■ Task requirements
The copy you return must begin at the line containing "color Front View" and end at the final line of the listing below, with every picture left out.

* * * * *

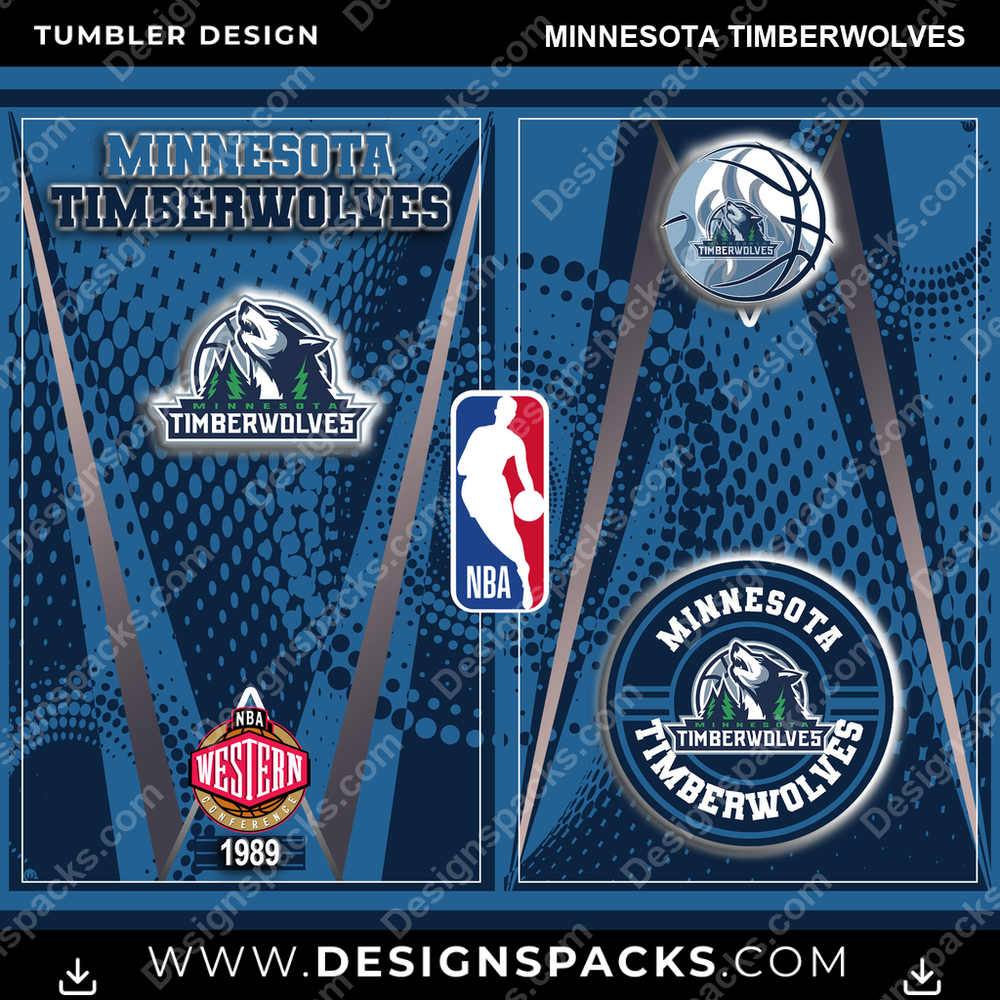Basketball Team Logo Minnesota Timberwolves Tumbler Digital Wrap Design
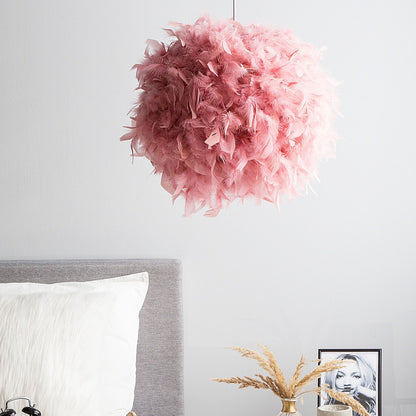 Pink Faux Fur Ball Pendant Lamp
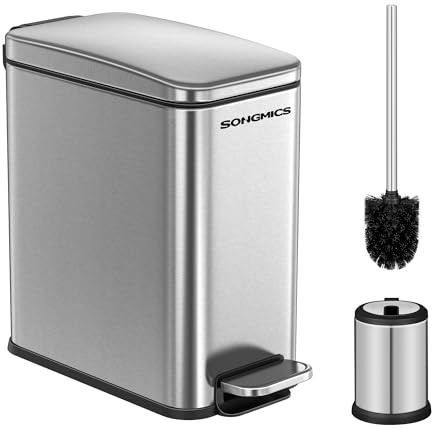SONGMICS Badezimmer-Mülleimer und WC-Bürsten-Set, 1,3 Gallonen, kleiner Mülleimer mit Deckel, schlank für kleine Räume, Edelstahl-Mülleimer mit Absenkautomatik, Silber ULTB560E0501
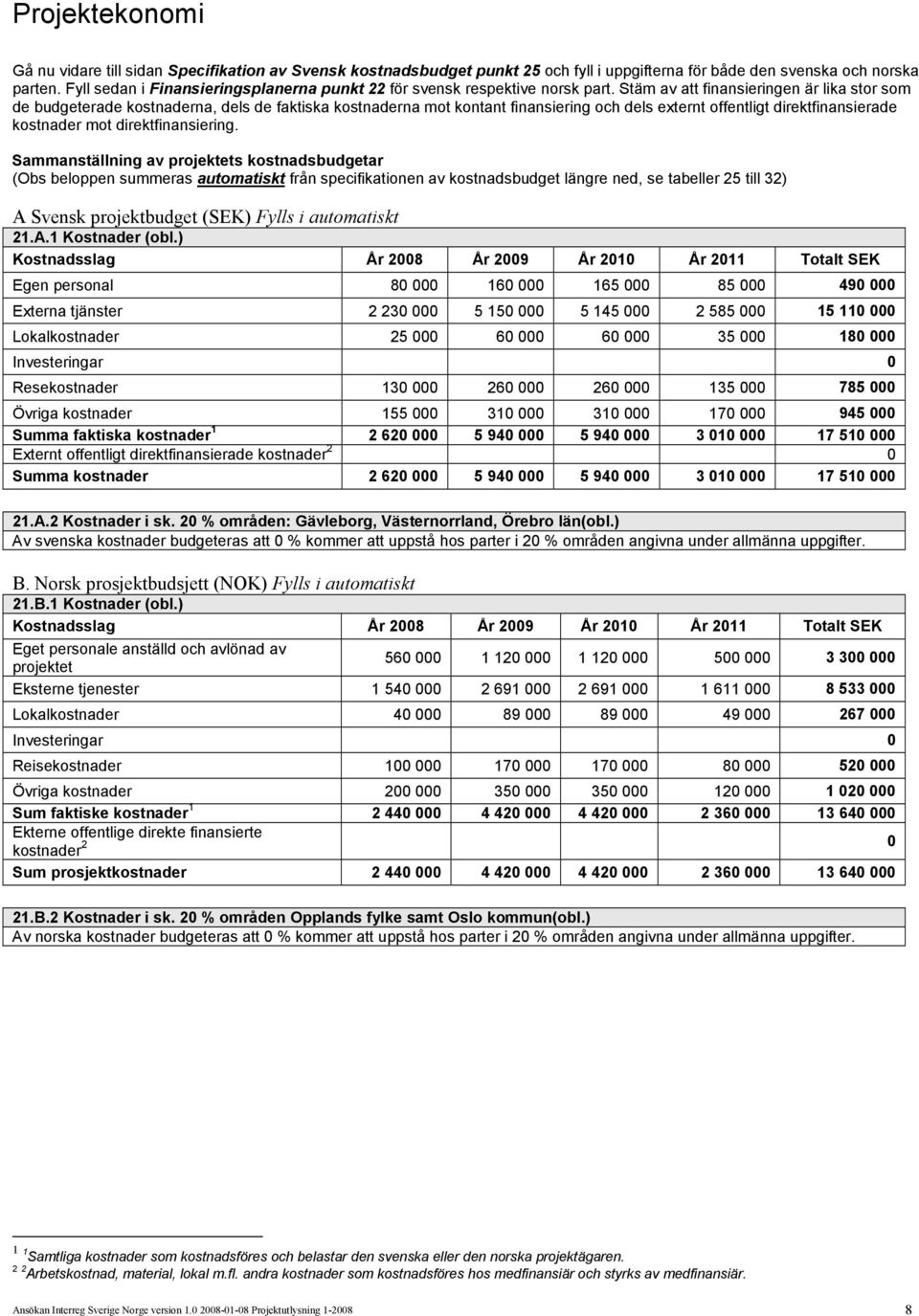 Stäm av att finansieringen är lika stor som de budgeterade kostnaderna, dels de faktiska kostnaderna mot kontant finansiering och dels externt offentligt direktfinansierade kostnader mot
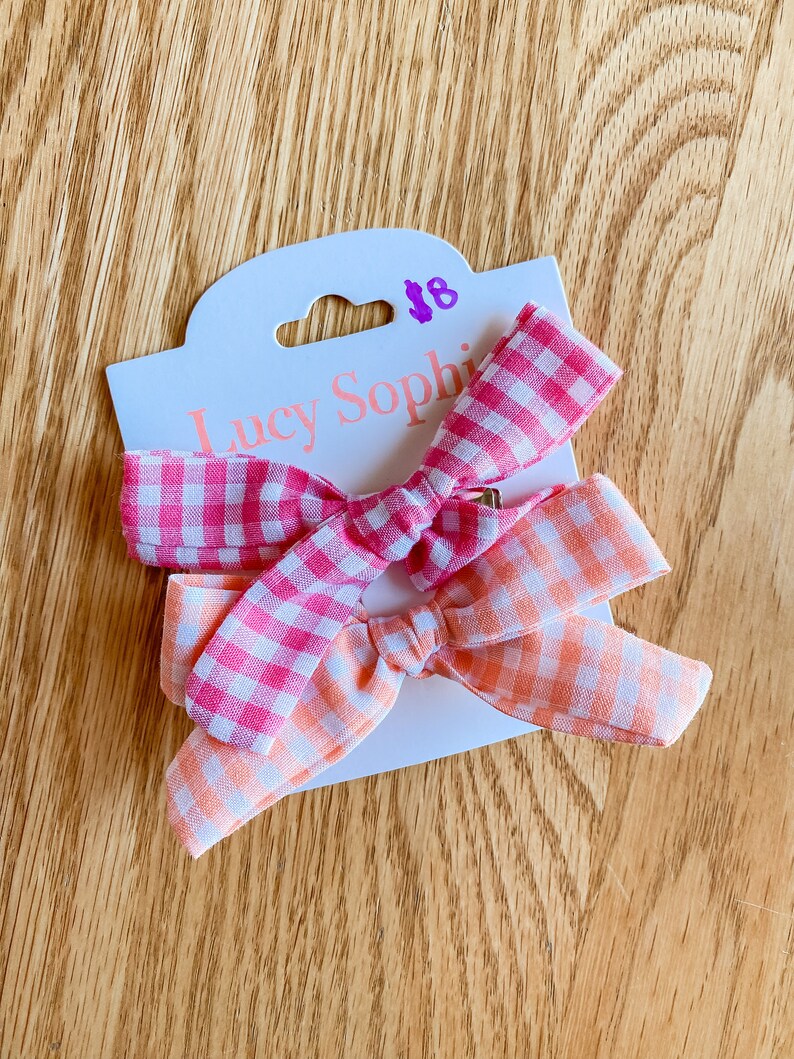 Picnic Schoolgirl Hair Bow Set Pink gingham Hair bow, orange gingham hair bow image 1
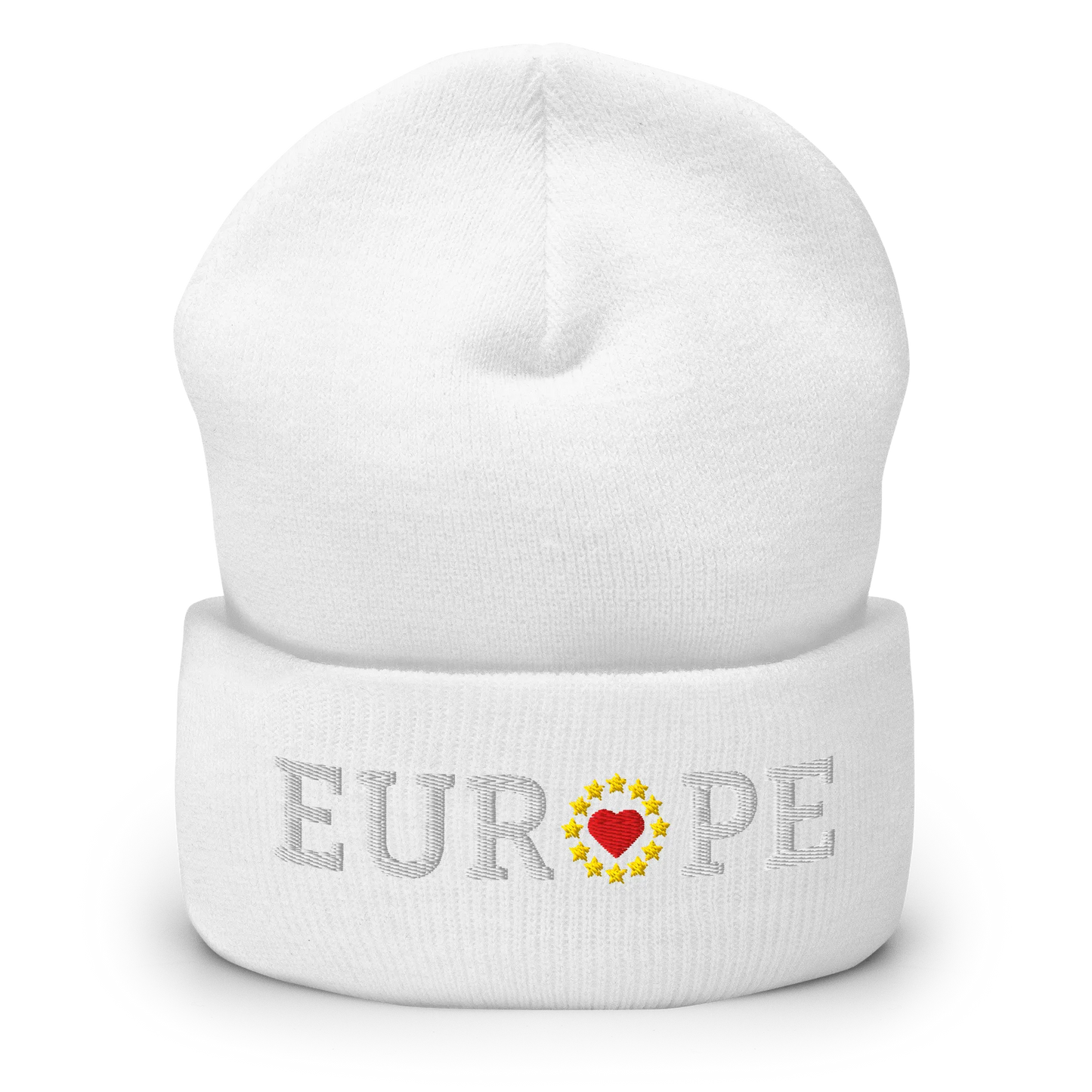 Monochrome White "EUROPE" Cuffed Beanie with "Show the Love for Europe" emblem in full color Front View
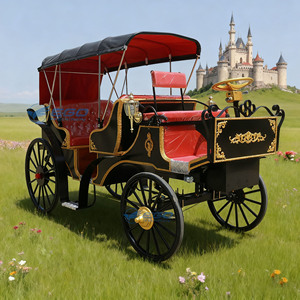 Sightseeing Electric Wedding Horse-Drawn Carriage Customized Color Q235B Steel <b>Frame</b> Bridal Victoria Cart Special Transportation - Product Image 2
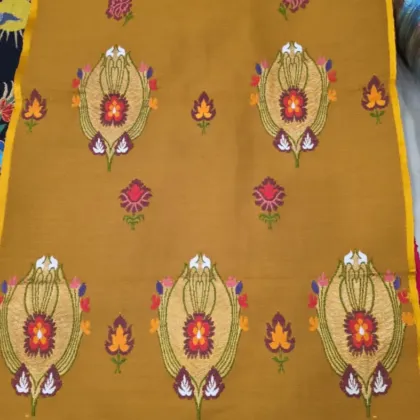 KashiFab CHO Mustard Paisley Buti Tibetan Brocade - Tibetan brocade Varanasi wholesale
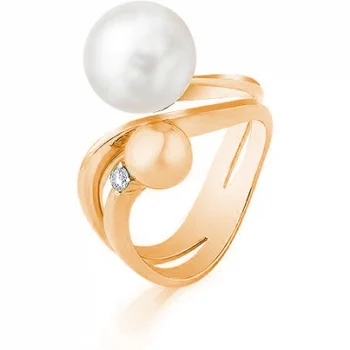 

Master brilliant ring with pearls and red gold diamond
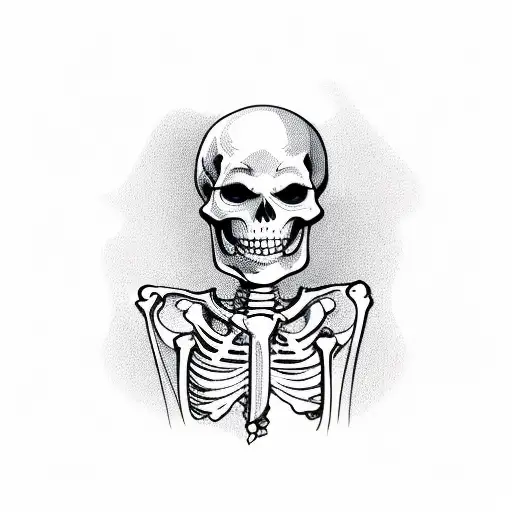 skeleton face and body holding a beer tattoo design idea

* * * * *

■ Your response
 Monochrome White "EUROPE" Cuffed Beanie with "Show the Love for Europe" emblem in full color Front View
 Sightseeing Electric Wedding Horse-Drawn Carriage Customized Color Q235B Steel <b>Frame</b> Bridal Victoria Cart Special Transportation - Product Image 2
 KashiFab CHO Mustard Paisley Buti Tibetan Brocade - Tibetan brocade Varanasi wholesale

Master brilliant ring with pearls and red gold diamond
 skeleton face and body holding a beer tattoo design idea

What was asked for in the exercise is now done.